Smart planning for a bright future
Comprehensive strategies for education funding
Education costs have risen dramatically—and they’re still climbing. Whether you’re saving for private school, college, or graduate education, the earlier you start planning, the more options your family will have. At MVM Advisors, we help parents and grandparents navigate the often-confusing world of education funding with tax-efficient strategies that align with your long-term goals.
What we Offer
529 College Savings Plan selection
Coverdell Education Savings Accounts (ESAs)
Tax and estate planning integration
Risk & inflation adjusted forecasting
Plan comparison & contribution optimization
Multi-child & multi-generational strategies
Additional Considerations
529 plans offer tax-deferred growth and tax-free withdrawals for qualified expenses
Some states offer additional benefits, like tax deductions or Prepaid Tuition guarantees
529 assets remain under your control and can be transferred between beneficiaries
Coverdell ESAs allow for broader educational use but have lower contribution limits
Prepaid plans require careful review of solvency and state guarantees, especially during economic downturns
Gift tax exclusions and estate planning strategies can be built into college savings contributions
WHY IT MATTERS?
college planning demands strategy
College tuition, room and board, and related expenses can exceed six figures per student. And while student loans remain an option, families who plan ahead can benefit from significant tax advantages and financial flexibility. Without a strategy, your child’s education could come at the expense of your retirement or financial security.

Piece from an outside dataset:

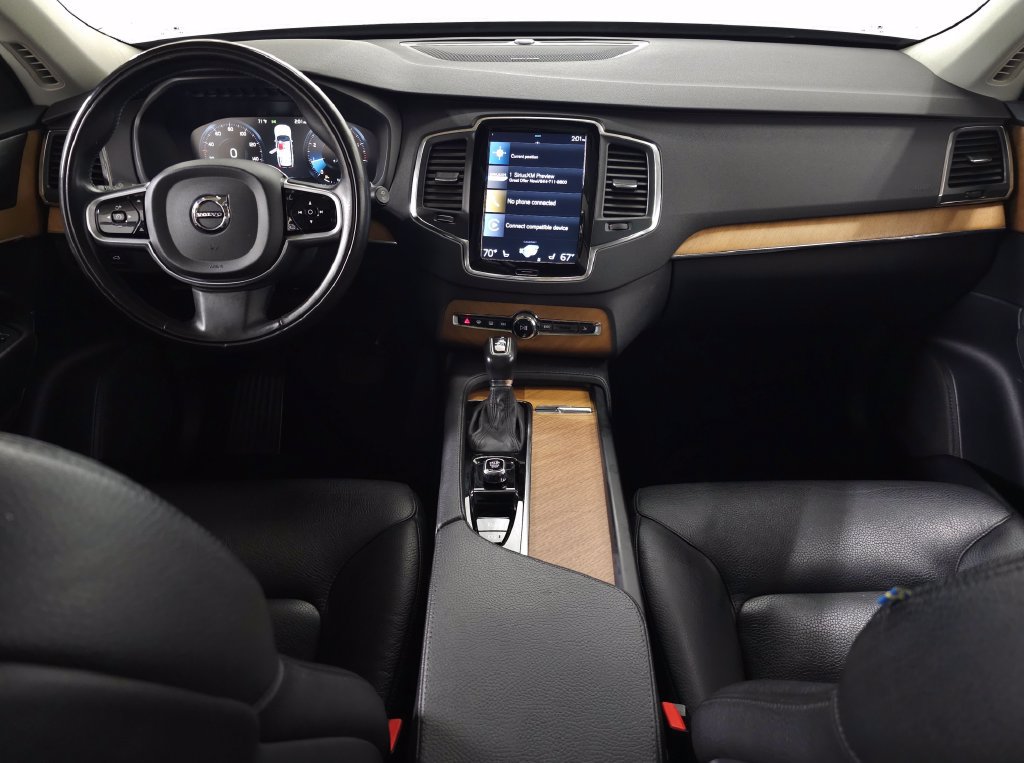 Used 2022 Volvo XC90 T6 Momentum w/ Climate Package AWD/4WD image 13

We help you explore the right combination of savings tools—tailored to your income, goals, and timeline—so you can prepare for education costs without sacrificing other priorities.
529 College Saving Plans
Who can contribute to a 529?
Once an account has been established, anyone can contribute to it. Any investor can participate, regardless of their income or net worth. Furthermore, there are no age or time limit restrictions for the contributor or the beneficiary.
What is the difference between “Account Owner” and “Beneficiary”?
Once an account has been established, anyone can contribute to it. Any investor can participate, regardless of their income or net worth. Furthermore, there are no age or time limit restrictions for the contributor or the beneficiary.
How will a 529 plan affect my child’s chances to qualify for financial aid?
Guidance for the U.S. Department of Education states that your 529 savings account is treated as an asset of the parent or other account owner in determining eligibility for federal financial aid. However, the rules in this area remain somewhat uncertain. In short, saving for college with a 529 plan will impact a student’s financial aide eligibility, although the precise effect will depend on the type of 529 plan and the policies of the institution. Of course, saving for college through other means can have a substantial impact as well, in many cases more substantial than a 529 plan.
What if the beneficiary decides not to go to college?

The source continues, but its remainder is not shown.